[INPUT MATERIAL Boundary: Start]

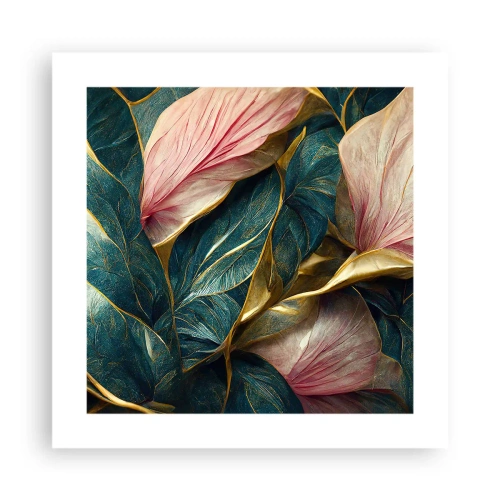 Plakat - Naturalna elegancja i styl - 40x40 cm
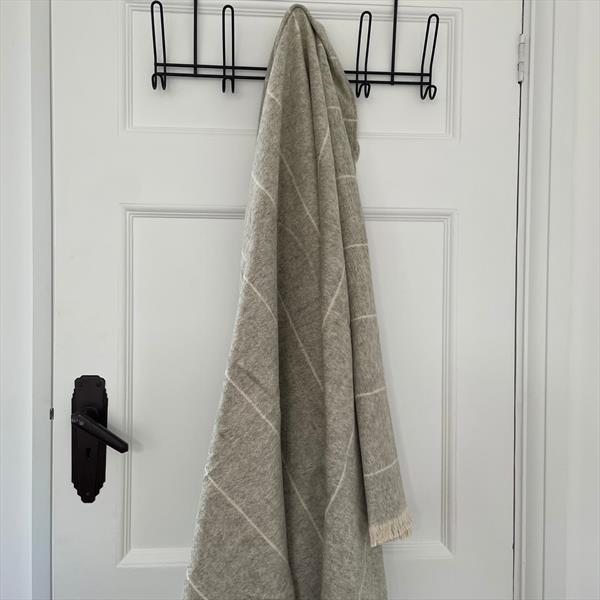 Brushed Wild Stripe Throw Sage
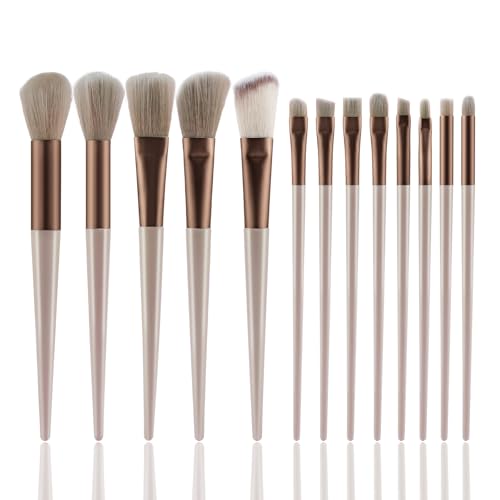 Boobeen 13pcs Reise Makeup Pinsel Set, Fluffy Makeup Pinsel für Lidschatten Stiftung, Gesicht Pinsel Make-up, Blendable Blush Pinsel für Anfänger Boobeen 13pcs Reise Makeup Pinsel Set, Fluffy Makeup Pinsel für Lidschatten Stiftung, Gesicht Pinsel Make-up, Blendable Blush Pinsel für Anfänger von Boobeen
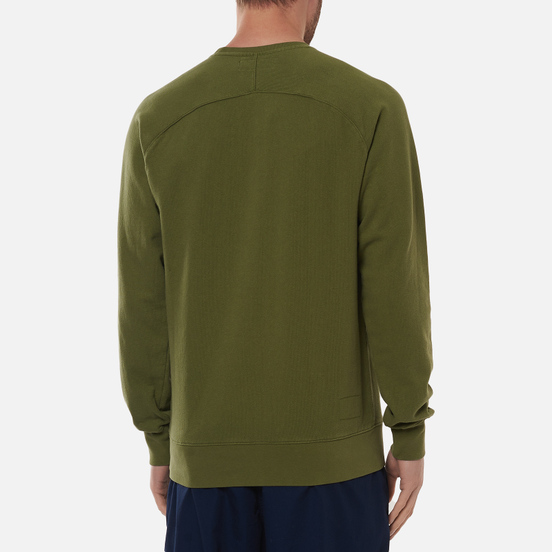 Мужская толстовка Universal Works Classic Crew Dry Handle Loopback Olive
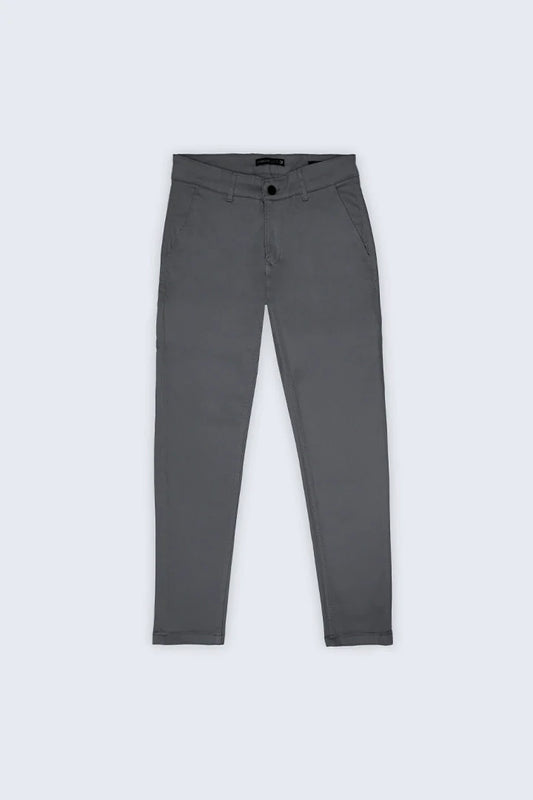 Grey Slim Fit Chino Pants Men Chino Summer V-1 2024 AURA COUGAR 30 Grey 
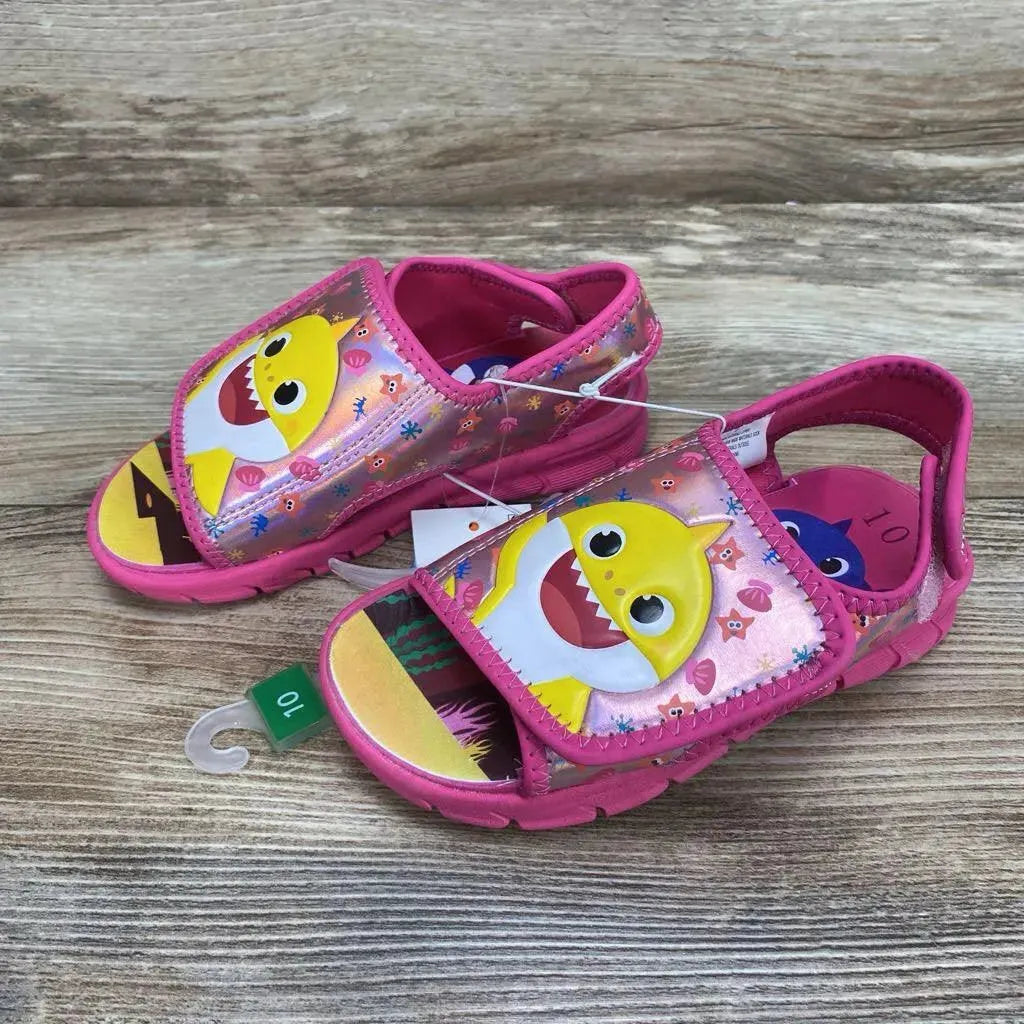 NEW Pinkfong Baby Shark Water Sandals sz 10c - Me 'n Mommy To Be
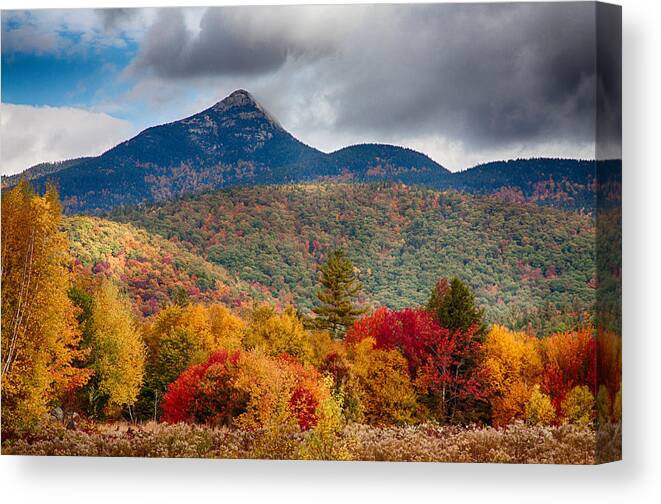 Fall Colors Canvas Print featuring the photograph Peak Fall Colors on Mount Chocorua by Jeff Folger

[INPUT MATERIAL Boundary: End]

* _WHAT IS BEING ASKED_: Starting at the line that contains "Мужская толстовка Universal" and ending at the line that contains "NEW Pinkfong Baby", transcribe the material above exactly, excluding pictures.

* _TASK RESULT_:
 Мужская толстовка Universal Works Classic Crew Dry Handle Loopback Olive
 Grey Slim Fit Chino Pants Men Chino Summer V-1 2024 AURA COUGAR 30 Grey 
 NEW Pinkfong Baby Shark Water Sandals sz 10c - Me 'n Mommy To Be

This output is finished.